Dark, Salt, Clear: Life in a Fishing Village

  • By Lamorna Ash
  • Bloomsbury Publishing
  • 336 pp.

Compassionate realism illuminates this account of a working-class seaside town in England.

Dark, Salt, Clear: Life in a Fishing Village

“Stop trying to romanticize us, all right,” a fisherman named Big John tells author Lamorna Ash one night over pints. Yet the trouble with writing about fabled places like Cornwall, England, and professions like commercial fishing is that they must be unraveled from the tangle of fantasies imposed on them.

To portray Cornwall with any nuance, writers face the challenge of getting their audience to be brave enough to look past the vacation homes and picturesque beaches and think beyond TV shows like “Doc Martin” and “Poldark.” They must speak above the din of crashing waves and beyond the craggy sea cliffs that brand themselves on a newcomer's brain.

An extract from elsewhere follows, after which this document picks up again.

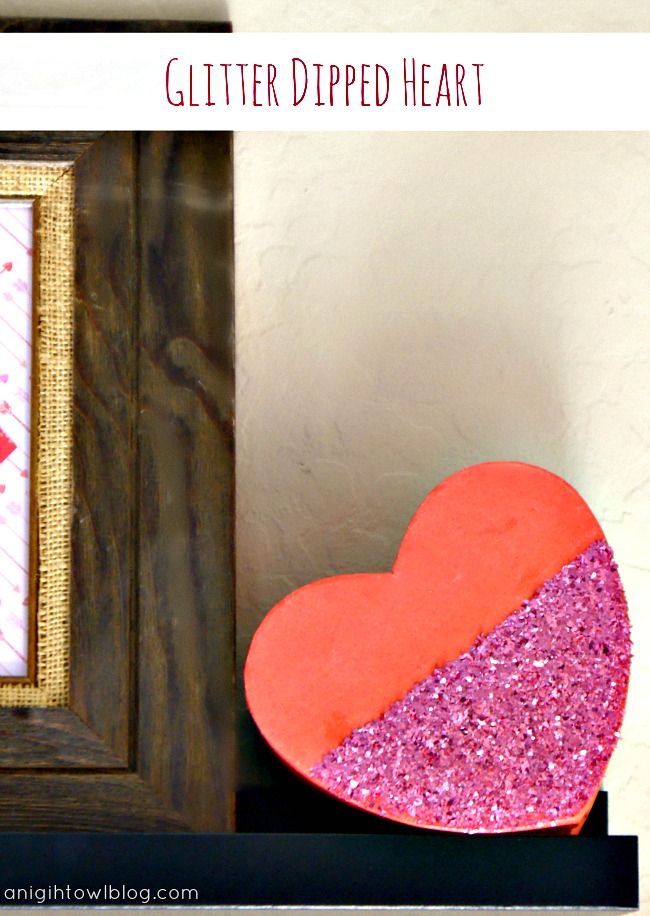 DIY Glitter Dipped Heart made with #MarthaStewartCrafts! #12MonthsofMartha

This same Hollywood veneer applies to the fishermen themselves, too. For those who’ve never set foot on a boat, all we know of life at sea comes from “Deadliest Catch,” reports from the World Wildlife Fund about overfishing, and the occasional novel.

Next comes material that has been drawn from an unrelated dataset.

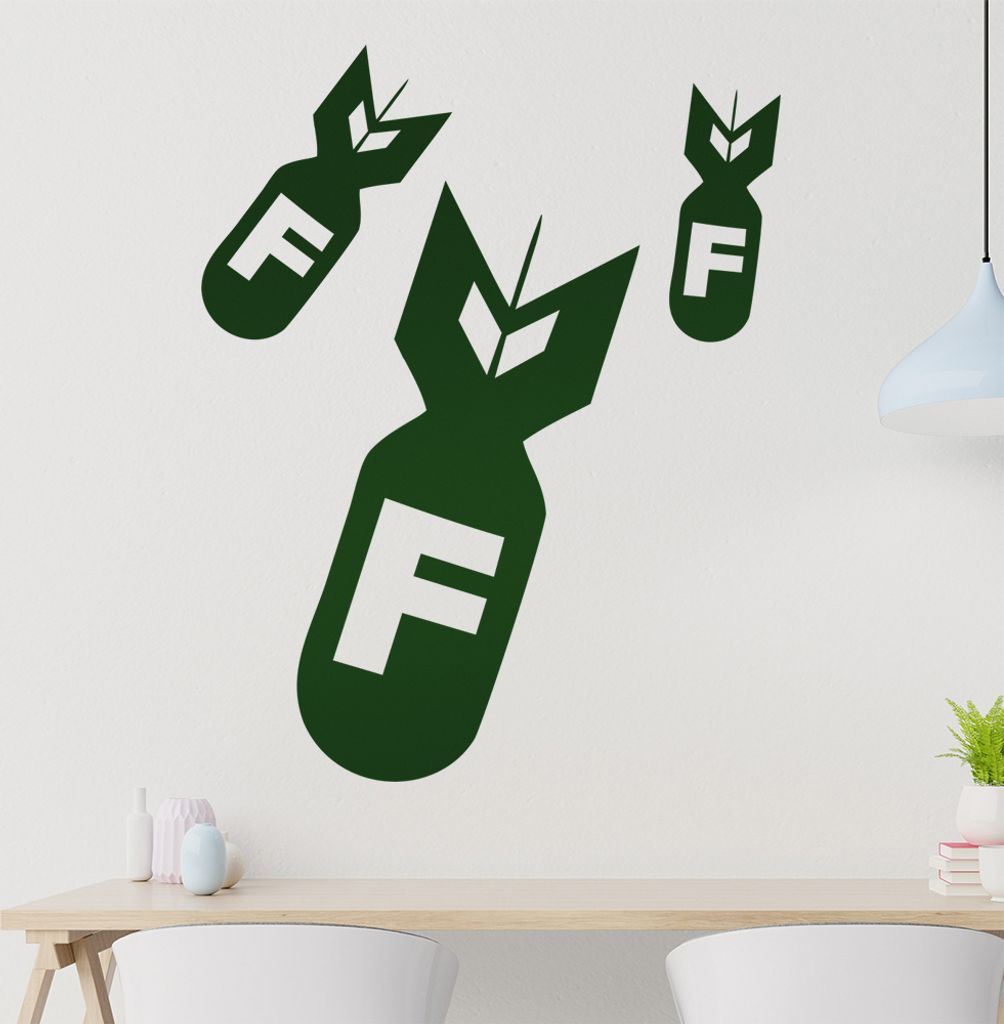 F-BombS Wandtattoo in 6 Größen - Wandaufkleber Wall Sticker - Dekoration, Küche, Wohnzimmer, Schlafzimmer, Badezimmer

However, Ash's debut work of nonfiction, Dark, Salt, Clear: Life in a Fishing Village, takes on the monumental task of pulling back the myth and exposing reality. Along the way, she uncovers a people on the precipice of a changing world and a place that is as beautiful as it is dangerous.

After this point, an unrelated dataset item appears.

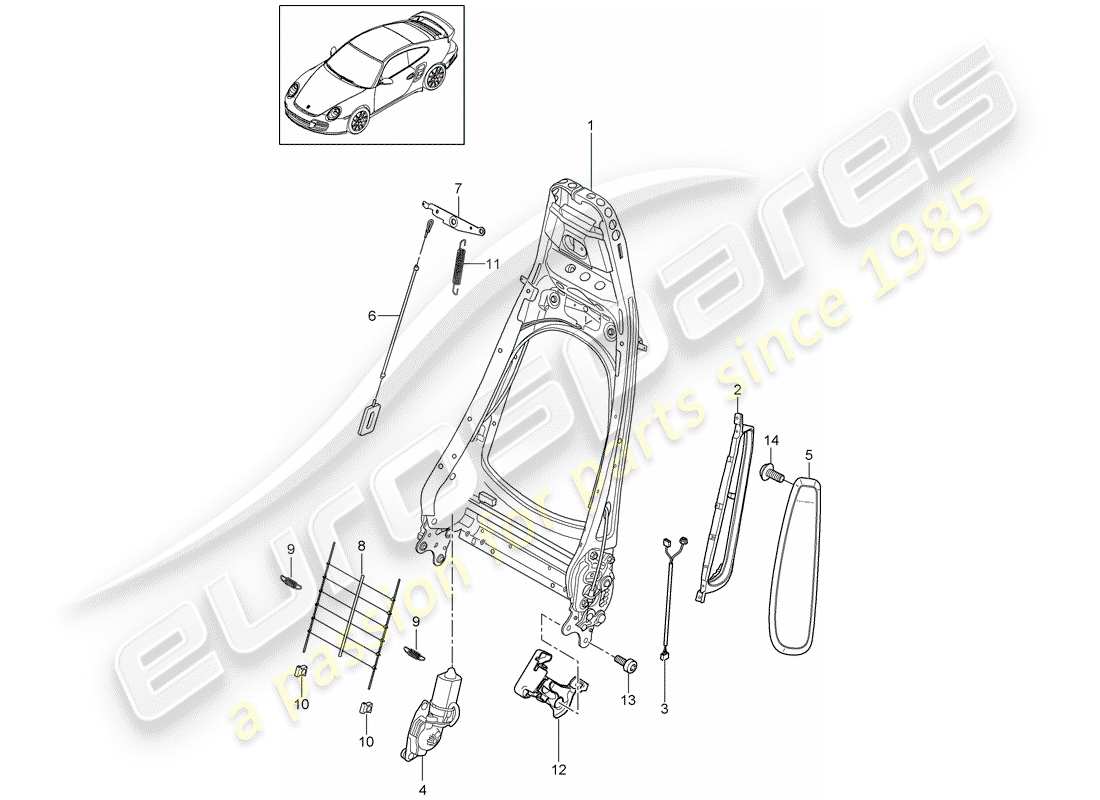 porsche 2012 (997-2 turbo / gt2 rs) backrest frame parts diagram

Ash's mother's family came from Cornwall — the author is named for a cove there — yet she herself is a Londoner. In her early 20s, she moves to Newlyn, a tiny fishing village of around 4,000 people, to try to make her way onto a trawler and then write about the experience.

She eventually finds herself variously working on the rolling deck of the Filadelfia, searching for birds with an ornithologist, and drinking in the town's pubs alongside villagers. As Ash establishes herself in Newlyn, she begins to form an impression of the place and its people that is at once gritty, lyrical, and complex.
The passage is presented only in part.